Yeah, you should have said nothing. That’s fine. Doing nothing is fine. OK then, I’m doing nothing.
So tell us about this new show you have coming up, where was the idea first conceived? It started off with Artscape, they do these one off arts docos and they approached me to do a one off arts doco. Initially it had nothing to do with the census but I happened to be reading this horror writer called H.P. Lovecraft at the time and he created this whole fictitious religion, but a really intricate one, and whilst I was reading it I was going “If I didn’t know, this is a pretty valid and believable religion”. So I decided to do something on that and about authors who make up fictitious religions and I thought it would be something like First Tuesday Book Club and maybe me and Marieke Hardy and Wil Anderson could sit around and talk about our respective favourite books and fictitious religions. But it didn’t pan out that way and became more of a straight up documentary. The whole thing with the census was given more weight as we figured out how to tie it all together and I think it really makes sense in a way now that wouldn’t have happened without the census.

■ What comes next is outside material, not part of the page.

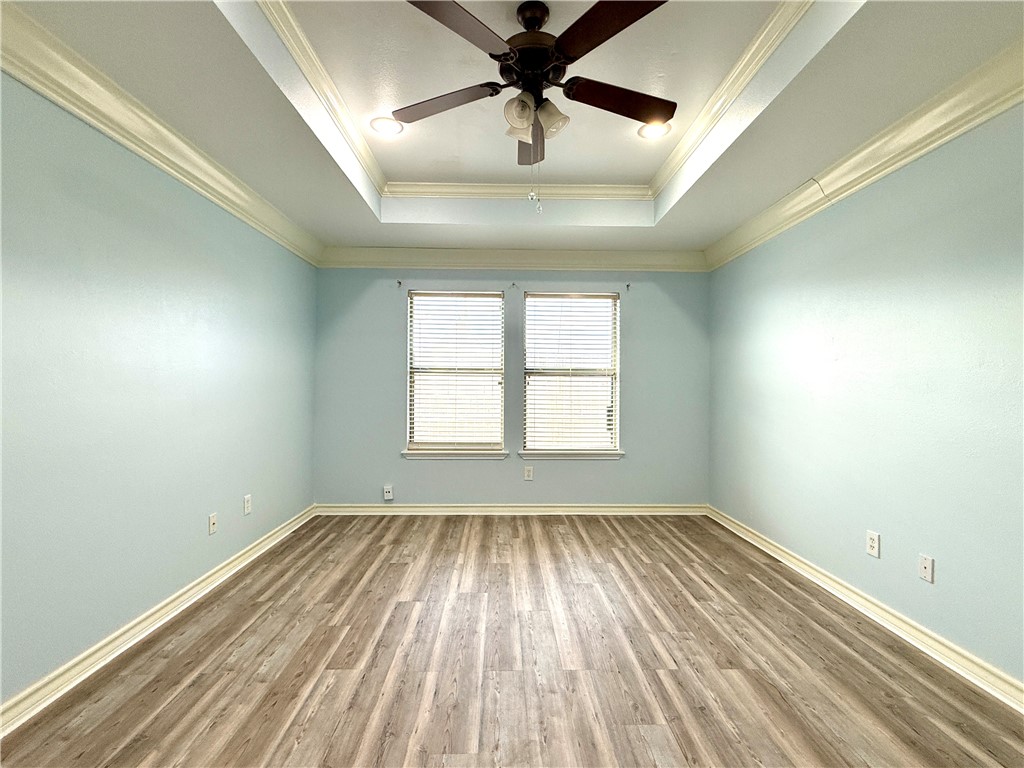 6653 Downing Street 5 Corpus Christi TX 78414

I guess the central idea that ties the census to these religions is identity and how people self-identify in the modern world. Is that the overarching theme of the show? Yeah I think it’s challenging that notion that people don’t care about religion anymore. Like we’re in a new secular age or something. But I explore devotion from a pop culture context too. Because I’m always thinking “why are people so into vampire movies?” so this is my effort to explore that and discover what people get out of it. I tried to find people who were really sincere as well, I didn’t just want to get sarcastic atheists pretending they’re into the spaghetti god or whatever. So it’s not really about these people who have rejected religion and made up new ones from scratch it’s more about how they’re using new symbols to explore old yearnings.
You mentioned how sincere these people are. If religion is a measure of conviction could you compare a Jedi to a Jew? Oh absolutely. Especially for someone like the Juggalos or The Matrix guy they’re aware that people are skeptical of them but they’ve really thought through the sincerity issue and the conviction and they’ve doubled down and said “No, this is absolutely how it happened.”. I guess the Matrix guy is the odd one out because he throws out old religions and makes real definitive statements like the way the universe is explained in the The Matrix is the way it is. Whereas with the other ones they’re a bit more flexible.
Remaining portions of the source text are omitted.